Upland Restoration

Since European-American settlement of the watershed in the 1870’s, land management practices and fire suppression have disrupted the natural wildfire intervals in several upland forested vegetation types including: pinyon pine-juniper, ponderosa pine, aspen, and mixed conifer. In doing so, much of the present-day forests are in decline and susceptible to large scale uncharacteristic wildfires. Wildfire modeling of the watershed shows that the ponderosa pine timber type has the highest potential for uncharacteristic wildfire. Large scale uncharacteristic wildfire(s) have the potential to cause major disruptions and negative impacts to the watershed and its important attributes (i.e. native fish habitat, culinary and irrigation water, etc.).

The Uplands Restoration Committee was created to examine and address the causes of decline in coverage, health, and resiliency of forests in the headwaters of the Escalante River Watershed.

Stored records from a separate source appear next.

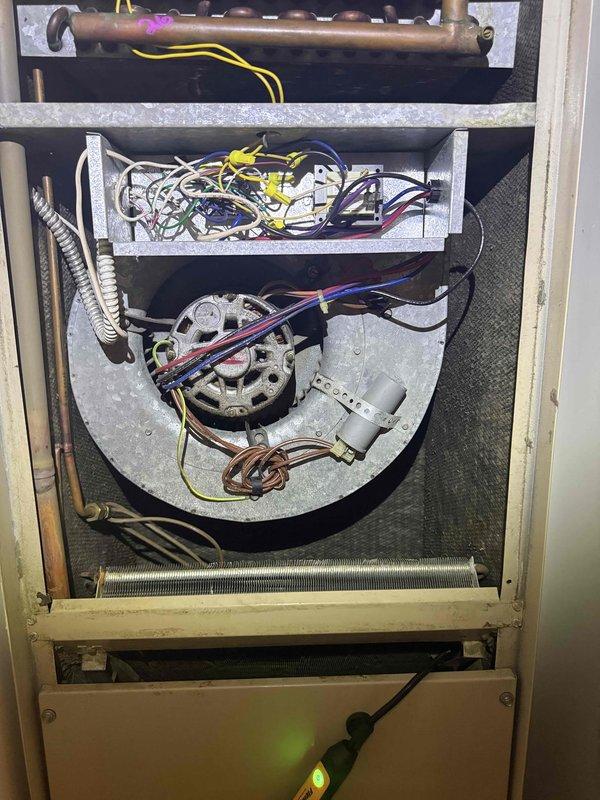 Completed comprehensive clean and check service on air conditioning system and air handler unit. Performed thorough inspection of internal components including blower assembly, evaporator coil, electrical connections, and wiring harnesses. Tested capacitor functionality and verified electrical readings using digital clamp meter, confirming all values within normal operating parameters. All mechanical and electrical components found operating properly with no deficiencies noted.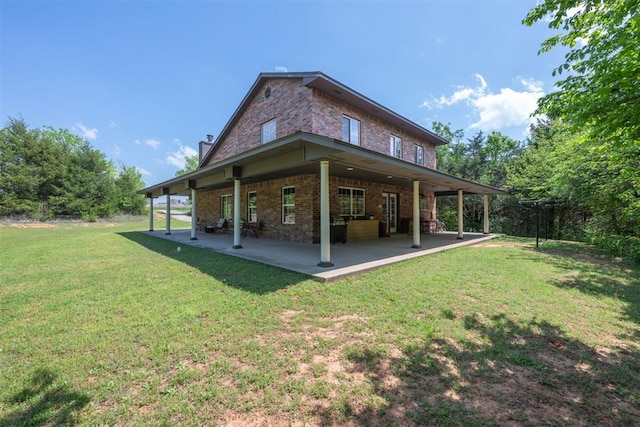 rear view of property featuring a yard and a patio area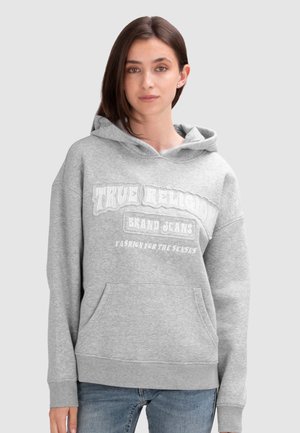 Grijze hoodie met een kangoeroe zak, voorzien van witte tekst "TRUE RELIGION BRAND JEANS" in gestileerd lettertype op de voorkant.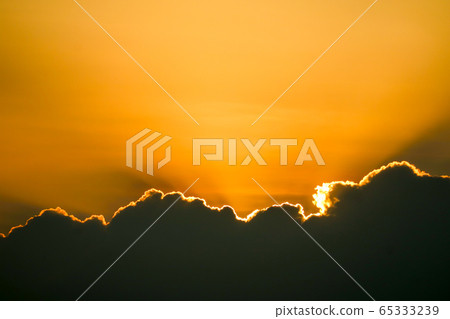 sunset sky back on dark silhouette cloud and 65333239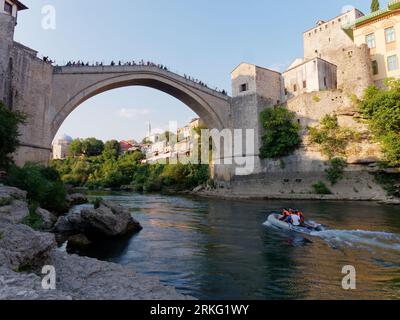 Schnellboote auf dem Fluss Neretva mit Touristen auf Stari Most (Alte Brücke) in Mostar, Bosnien und Herzegowina, 20. August 2023. Stockfoto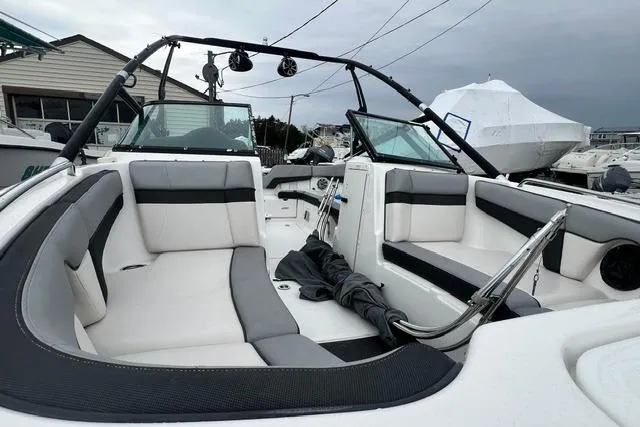 Slide: The Image of 2013 Yamaha Boats 212X interior with white and gray seating, open bow design. - 15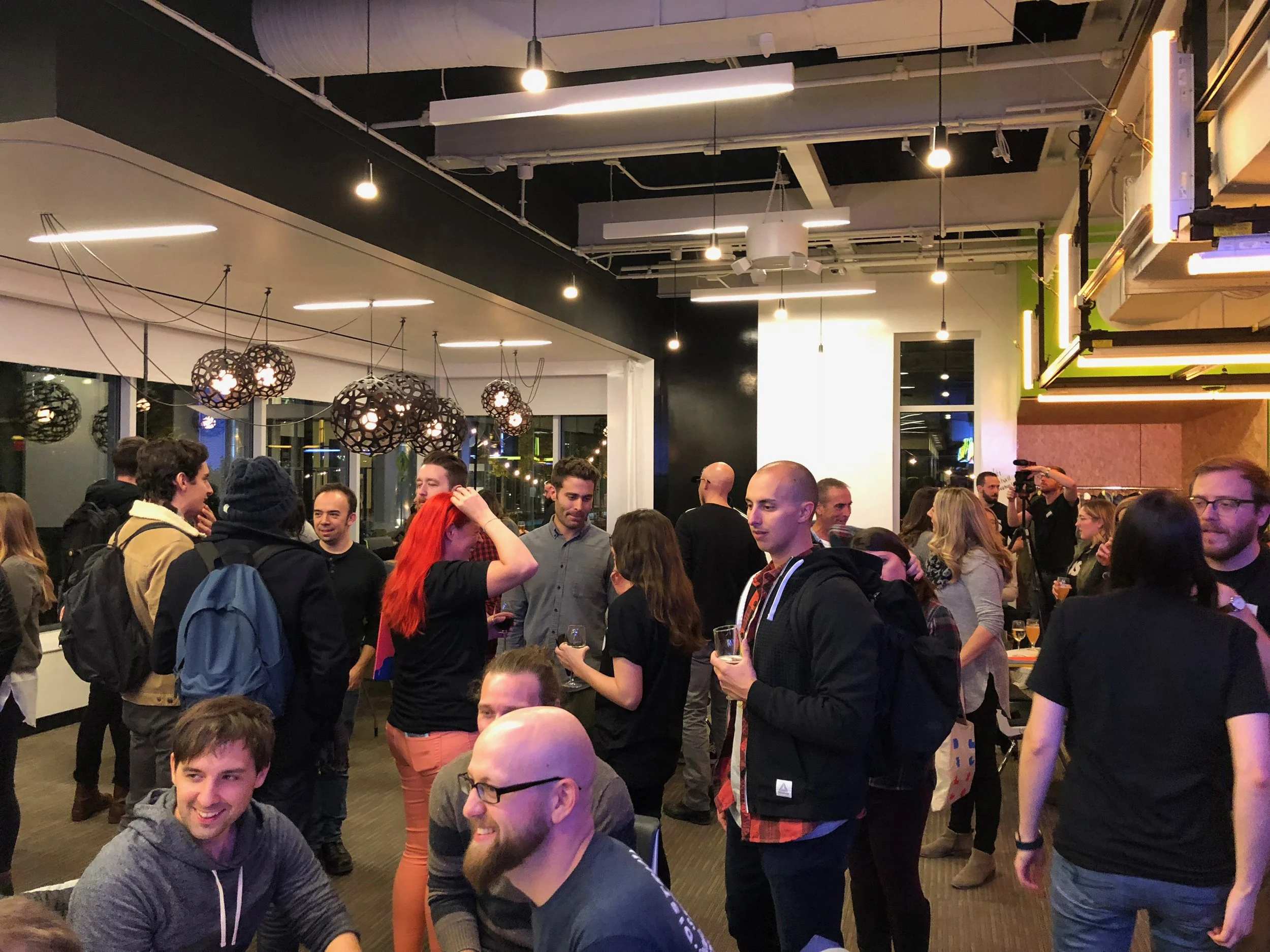 People socializing at a casual indoor event or party, with some holding drinks and engaging in conversation, in a room decorated with modern pendant lights.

The goal of the committee is to improve upland vegetation habitat through site assessments, data gathering, restoration actions, monitoring, and maintenance.

Opportunities for much of the committees’ work centers on Dixie National Forest which encompasses almost all of the Escalante River watershed headwaters and high elevation uplands. For more information on the committee, contact Terry De Lay at terence.delay@usda.gov or at 435-826-5401.

Wildfire Mitigation

Since it has the greatest need, much of the current uplands restoration work is being conducted in the ponderosa pine timber type through a combination of mechanical fuels reduction and prescribed fire treatments. Current projects being implemented on the Forest include Stump Springs, Upper Valley, Main Canyon, Hungry Creek Farm Bill, and Pretty Tree Bench.

The Dixie National Forest is currently working on the Hungry Creek environmental analysis of 100,000 acres of uplands restoration within the watershed. Containing the two primary headwater watersheds, North Creek and Pine Creek, the project is looking to reduce the chances of uncharacteristic wildfire impacting this area. Along with native populations of Colorado River Cutthroat trout, the two watersheds provide the primary source of both culinary and irrigation water to the town of Escalante. Project is comprehensive in that it proposes to treat all four timber types identified for restoration with an emphasis on ponderosa pine and aspen types.

Research & Data Collection

The Uplands Restoration Committee through the Dixie National Forest is involved with an effort by the Utah Division of Wildlife Resources (UDWR) and the Nature Conservancy in using their Landscape Conservation Forecasting model to look at existing vegetation versus desired vegetation conditions across the entire Escalante Headwaters and Aquarius Plateau. UDWR provide initial funding for the two-year analysis which was started during the spring of 2021. Modeling will further help in identifying priority areas for upland restoration treatments.